An additional concept to consider with data-driven testing is to use your own log files or other execution outputs as a test input “script”. This does two things – it lets you easily generate new testing data, and it lets you replicate behaviors that cause crashes or problems. It requires work to set this up, but it might be only necessary for especially difficult code. For example, you could auto-extract database queries from your log to make up a new set of database tests.
# 5. Management
This may feel out of place in a discussion about best software engineering practices, but good management plays an important role. It is possible to build products without proper management support – but it’s not easy. Make sure that your software project is staffed with the necessary decision-making roles that make the rest of the engineering effort go smoothly.
For example, there should be a product manager or product owner who is the final say on the product’s feature set. There needs to be a project manager who is keeping track of the project’s progress and can dictate where efforts should be focused when there are multiple competing priorities. There should be a release manager who sets the release date and can determine what bugs must be fixed or features implemented in each release.

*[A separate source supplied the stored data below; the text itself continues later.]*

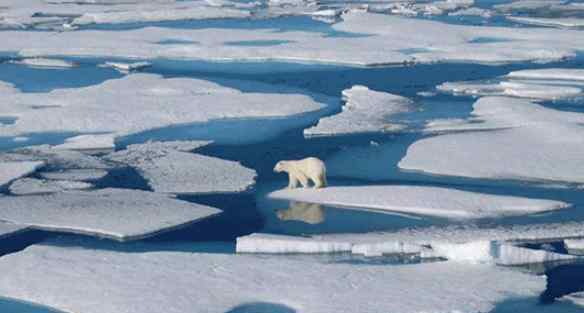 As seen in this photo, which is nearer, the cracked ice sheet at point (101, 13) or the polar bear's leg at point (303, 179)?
the polar bear's leg at point (303, 179)

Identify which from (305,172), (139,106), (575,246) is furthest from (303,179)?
(139,106)

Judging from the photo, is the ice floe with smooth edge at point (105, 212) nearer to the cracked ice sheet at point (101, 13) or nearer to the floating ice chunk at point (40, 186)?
the floating ice chunk at point (40, 186)

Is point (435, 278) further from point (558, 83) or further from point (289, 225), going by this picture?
point (558, 83)

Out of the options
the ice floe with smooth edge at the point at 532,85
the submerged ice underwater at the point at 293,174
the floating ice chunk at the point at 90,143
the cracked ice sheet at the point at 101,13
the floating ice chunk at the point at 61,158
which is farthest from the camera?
the cracked ice sheet at the point at 101,13

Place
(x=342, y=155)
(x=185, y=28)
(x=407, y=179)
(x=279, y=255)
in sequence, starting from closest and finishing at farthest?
(x=279, y=255)
(x=407, y=179)
(x=342, y=155)
(x=185, y=28)

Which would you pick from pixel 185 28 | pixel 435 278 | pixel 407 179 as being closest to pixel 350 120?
pixel 407 179

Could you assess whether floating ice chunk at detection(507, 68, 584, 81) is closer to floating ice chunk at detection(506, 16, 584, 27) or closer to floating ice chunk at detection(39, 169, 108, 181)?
floating ice chunk at detection(506, 16, 584, 27)

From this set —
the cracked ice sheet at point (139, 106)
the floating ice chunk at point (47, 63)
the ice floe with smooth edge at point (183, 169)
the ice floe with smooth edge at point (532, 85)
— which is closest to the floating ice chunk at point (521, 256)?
the ice floe with smooth edge at point (183, 169)

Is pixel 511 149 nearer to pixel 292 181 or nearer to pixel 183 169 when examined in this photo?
pixel 292 181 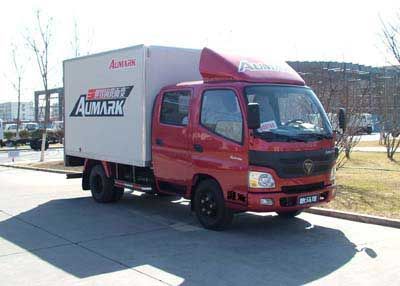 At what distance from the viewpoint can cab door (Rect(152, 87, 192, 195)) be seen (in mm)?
9281

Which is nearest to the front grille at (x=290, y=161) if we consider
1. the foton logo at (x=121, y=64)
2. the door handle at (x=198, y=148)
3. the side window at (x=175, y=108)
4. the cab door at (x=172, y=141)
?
the door handle at (x=198, y=148)

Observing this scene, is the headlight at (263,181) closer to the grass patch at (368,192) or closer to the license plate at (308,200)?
the license plate at (308,200)

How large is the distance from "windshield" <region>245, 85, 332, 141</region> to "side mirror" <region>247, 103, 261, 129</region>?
0.19m

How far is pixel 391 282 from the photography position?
6043mm

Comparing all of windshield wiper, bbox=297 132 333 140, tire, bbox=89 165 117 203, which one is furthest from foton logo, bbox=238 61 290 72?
tire, bbox=89 165 117 203

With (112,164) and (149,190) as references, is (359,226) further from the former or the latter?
(112,164)

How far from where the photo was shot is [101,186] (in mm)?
11977

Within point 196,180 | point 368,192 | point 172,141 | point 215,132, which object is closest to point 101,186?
point 172,141

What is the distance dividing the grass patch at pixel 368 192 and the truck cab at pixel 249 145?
5.34 ft

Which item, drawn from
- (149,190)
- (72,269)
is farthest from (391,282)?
(149,190)

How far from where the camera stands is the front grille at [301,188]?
322 inches

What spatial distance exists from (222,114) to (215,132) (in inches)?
12.0

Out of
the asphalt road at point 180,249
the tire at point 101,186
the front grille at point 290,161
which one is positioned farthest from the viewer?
the tire at point 101,186

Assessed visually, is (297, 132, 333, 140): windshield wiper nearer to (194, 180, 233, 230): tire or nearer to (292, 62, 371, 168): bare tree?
(194, 180, 233, 230): tire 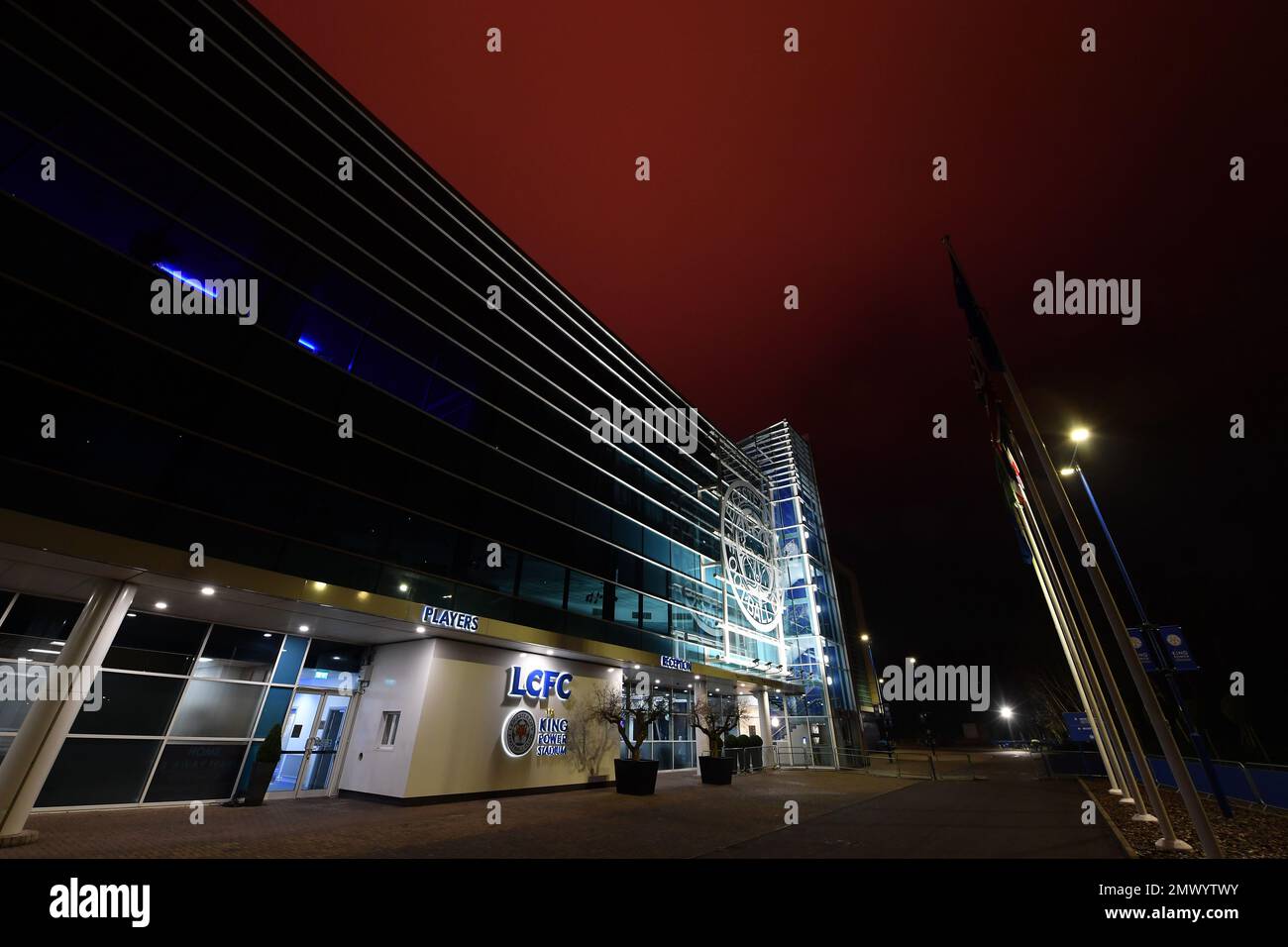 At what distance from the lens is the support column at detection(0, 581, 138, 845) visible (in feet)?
27.4

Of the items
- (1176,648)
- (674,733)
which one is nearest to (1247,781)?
(1176,648)

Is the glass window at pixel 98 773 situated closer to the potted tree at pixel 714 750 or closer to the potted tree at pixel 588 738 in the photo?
the potted tree at pixel 588 738

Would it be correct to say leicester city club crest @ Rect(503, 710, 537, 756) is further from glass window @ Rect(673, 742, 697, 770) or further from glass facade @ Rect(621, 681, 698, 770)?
glass window @ Rect(673, 742, 697, 770)

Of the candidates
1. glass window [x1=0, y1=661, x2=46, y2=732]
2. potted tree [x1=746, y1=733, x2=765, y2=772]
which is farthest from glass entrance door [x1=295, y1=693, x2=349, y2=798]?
potted tree [x1=746, y1=733, x2=765, y2=772]

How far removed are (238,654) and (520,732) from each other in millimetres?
8246

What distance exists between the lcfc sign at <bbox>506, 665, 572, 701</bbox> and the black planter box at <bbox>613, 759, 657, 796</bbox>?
123 inches

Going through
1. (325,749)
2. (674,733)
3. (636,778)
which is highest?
(325,749)

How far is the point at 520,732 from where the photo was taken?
641 inches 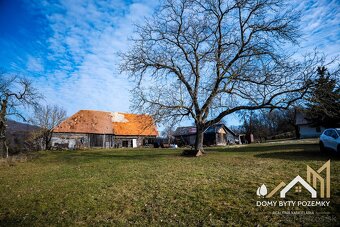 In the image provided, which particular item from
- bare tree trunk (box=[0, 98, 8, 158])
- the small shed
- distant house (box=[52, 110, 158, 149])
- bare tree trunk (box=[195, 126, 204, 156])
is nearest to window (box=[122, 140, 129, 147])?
distant house (box=[52, 110, 158, 149])

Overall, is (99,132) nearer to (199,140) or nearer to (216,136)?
(216,136)

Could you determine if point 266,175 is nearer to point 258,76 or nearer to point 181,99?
point 258,76

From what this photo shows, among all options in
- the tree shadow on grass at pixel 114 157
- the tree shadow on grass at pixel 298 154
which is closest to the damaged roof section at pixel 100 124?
the tree shadow on grass at pixel 114 157

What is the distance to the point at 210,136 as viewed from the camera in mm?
48031

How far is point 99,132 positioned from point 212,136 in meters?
23.1

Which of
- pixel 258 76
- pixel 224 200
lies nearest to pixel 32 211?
pixel 224 200

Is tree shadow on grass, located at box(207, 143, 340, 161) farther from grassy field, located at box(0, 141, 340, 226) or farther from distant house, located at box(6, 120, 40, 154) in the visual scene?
distant house, located at box(6, 120, 40, 154)

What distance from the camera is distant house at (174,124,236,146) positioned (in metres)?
47.5

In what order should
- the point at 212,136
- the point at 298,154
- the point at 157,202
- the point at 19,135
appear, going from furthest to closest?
the point at 212,136, the point at 19,135, the point at 298,154, the point at 157,202

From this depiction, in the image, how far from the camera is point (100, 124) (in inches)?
1768

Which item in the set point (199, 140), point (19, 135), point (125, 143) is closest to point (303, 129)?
point (125, 143)

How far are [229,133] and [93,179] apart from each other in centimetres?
4648

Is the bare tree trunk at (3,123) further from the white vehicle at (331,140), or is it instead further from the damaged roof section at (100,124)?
the white vehicle at (331,140)

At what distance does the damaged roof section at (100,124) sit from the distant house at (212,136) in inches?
274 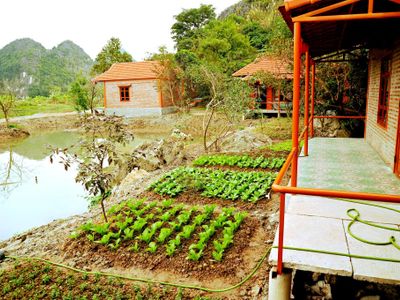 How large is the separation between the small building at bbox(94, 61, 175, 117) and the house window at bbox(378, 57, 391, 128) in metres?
19.6

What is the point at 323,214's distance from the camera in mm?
4340

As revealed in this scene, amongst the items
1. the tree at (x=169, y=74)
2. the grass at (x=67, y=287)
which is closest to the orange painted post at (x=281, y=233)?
the grass at (x=67, y=287)

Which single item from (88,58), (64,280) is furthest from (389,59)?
(88,58)

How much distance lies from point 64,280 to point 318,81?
12.1 m

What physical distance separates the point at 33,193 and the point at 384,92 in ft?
36.5

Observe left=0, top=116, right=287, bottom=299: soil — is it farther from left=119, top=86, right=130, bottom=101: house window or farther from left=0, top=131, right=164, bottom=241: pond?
left=119, top=86, right=130, bottom=101: house window

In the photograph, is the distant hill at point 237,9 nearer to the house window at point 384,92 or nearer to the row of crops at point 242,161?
the row of crops at point 242,161

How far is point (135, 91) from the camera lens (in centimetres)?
2727

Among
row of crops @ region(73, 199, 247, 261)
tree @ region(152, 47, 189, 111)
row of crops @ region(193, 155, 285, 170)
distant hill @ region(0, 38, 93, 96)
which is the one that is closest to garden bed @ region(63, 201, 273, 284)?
row of crops @ region(73, 199, 247, 261)

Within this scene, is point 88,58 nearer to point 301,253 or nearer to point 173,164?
point 173,164

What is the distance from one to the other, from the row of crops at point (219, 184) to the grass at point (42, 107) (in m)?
27.0

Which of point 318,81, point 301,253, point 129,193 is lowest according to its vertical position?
point 129,193

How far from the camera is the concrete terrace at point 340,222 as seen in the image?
3104 millimetres

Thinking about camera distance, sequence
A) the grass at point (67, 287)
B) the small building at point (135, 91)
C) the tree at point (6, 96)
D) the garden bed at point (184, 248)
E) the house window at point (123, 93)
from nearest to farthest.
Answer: the grass at point (67, 287) → the garden bed at point (184, 248) → the tree at point (6, 96) → the small building at point (135, 91) → the house window at point (123, 93)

If appropriate for your domain, there should be a validation manager who ensures that the project meets all appropriate criteria for certification and verification.
Having a single, definitive point of contact for these functions will prevent your software engineering project from becoming side-tracked by committee decision-making, derailed by indecision, or forcing management to make calls about issues they don’t fully understand. These roles do not all need to be held by separate people. In other words, one person may be the project manager as well as the release manager – or any other sensible combination of roles. However, these roles are important enough (with enough associated workload) that it is a mistake to consider them just an “extra task” for individuals with existing jobs.
# What is KDAB’s Software Development Best Practice series?
This series of whitepapers captures some of the hard-won experience that our senior engineering staff has developed over many years and projects. Offered up as a grab bag of techniques and approaches, we believe that these tips have helped us improve the overall development experience and quality of the resulting software. We hope they can offer the same benefits to you.